Cement production is energy intensive and accounts for 5-7% of manmade CO2 emissions. Nevertheless concrete is the mostly widely used construction material in the world. Significant economic, environmental and societal impacts will be realised as a result of clever innovation to reduce cement usage.

Tailored reinforced concrete infrastructure opens up vast opportunities for improved material efficiencies and CO2 reductions while maintaining structural integrity throughout the lifetime of a structure. Corrosion prevention and an inherent adaptability in response to mechanical actions provide more efficient and durable structural members. Less energy intensive concrete infrastructure that remains fit-for-purpose for longer mitigates negative financial, societal and environmental impacts associated with CO2 emissions, deteriorating infrastructure, maintenance interventions and user disruption. This will assist governments and policy-makers in meeting environmental targets and improving the quality of life of the nation.

As the result of this Fellowship, the UK will become the global leader in an exciting new growth area. Tangible commercial and reputational benefits will be realised by UK construction from the early exploitation of tailored concrete technology over a short to medium term horizon. Access to novel underpinning research will also mean that UK Industry is poised to beneficially exploit rapid advances in manufacturing adding further value to the construction sector and competitive advantage.

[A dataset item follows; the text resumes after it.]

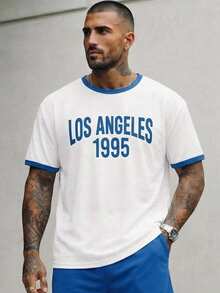 GENTILAND 男士字母印花圆领短袖休闲百搭T恤 - 白色 - 查看 2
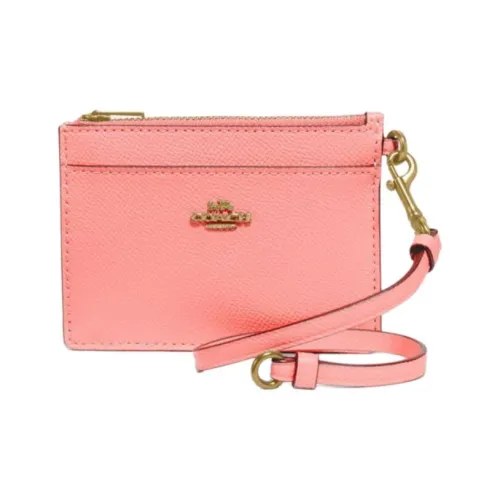 COACH Карточный чехол Крестовая текстура Кожа Монетница Держатель для карт Мини Женский Конфетный розовый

Novel, evidence-based research is at the heart of the Fellowship proposal. The PI has a strong track record in delivering internationally leading research, communicating advances within professional fora, and in translating research into practice. The Advisory Committee meetings, Industrial Engagement events and Academic collaborator meetings provide opportunities for discussion and dissemination with a range of stakeholders. High profile participants, partners and collaborators will extend the impact by communicating the outcomes throughout their own institutions, to professional bodies, including design code committees, and to their wider network of contacts throughout the supply chain. This will lead to an enhanced understanding and acceptance of the innovations, greater exploitation, and a more sustainable basis for the design and construction of future infrastructure. Large scale multi-disciplinary proposals led by the PI will capitalise on the Fellowship deliverables and will shape national research priorities.

The Fellowship will provide freedom for the PI to gain a fuller appreciation and knowledge of connectivities with cognate areas to make even greater contributions towards addressing Engineering for Sustainability and Resilience challenges. The PDRAs will develop tremendous core expertise in reinforced concrete and concrete technology with multi-disciplinary knowledge relating to sustainability, optimisation and manufacturing leading to a unique skill set that meets tomorrow's needs. As the 2014 ICE State of the Nation Report notes 'The civil engineering industry of tomorrow will require a wider range of skills and competencies.' and hence the PDRAs will be in high demand from academic, or non-academic, employers. Affiliated MEng and PhD students will flourish as part of a vibrant, supportive, project team delivering world-leading research and be well-prepared to make their mark in their future professional careers.

Outreach and community activity will promote public recognition of the energy intensity of cement embodied within our reinforced concrete infrastructure. This will encourage dialogue and the exchange of ideas on how to promote a more sustainable vision and the important role of Civil Engineering in creating the lifelines for society. Excitement about the creation of bespoke materials will inspire future generations of Engineers.